[What you are asked to do] Going down the listing below, print exactly each line from the one with "Appartement Boulevard Jean" up to and including the one with "Apartment · New", and skip the rest.

[Extracted entries]
========
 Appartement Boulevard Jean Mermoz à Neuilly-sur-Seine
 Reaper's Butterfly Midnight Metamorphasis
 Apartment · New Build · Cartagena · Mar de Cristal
========
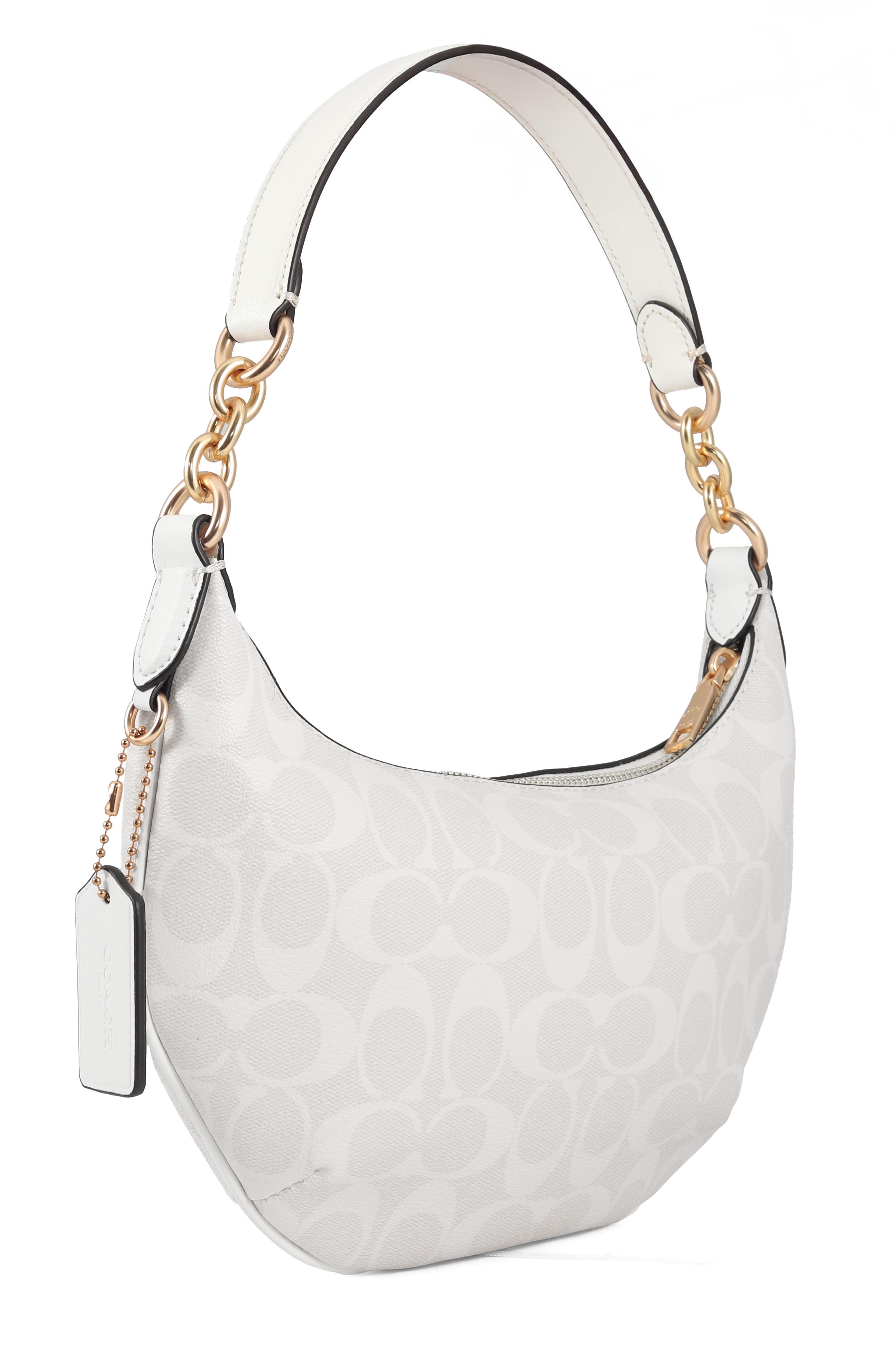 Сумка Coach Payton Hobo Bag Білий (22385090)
========
[Response box]
 Appartement Boulevard Jean Mermoz à Neuilly-sur-Seine
 Reaper's Butterfly Midnight Metamorphasis
 Apartment · New Build · Cartagena · Mar de Cristal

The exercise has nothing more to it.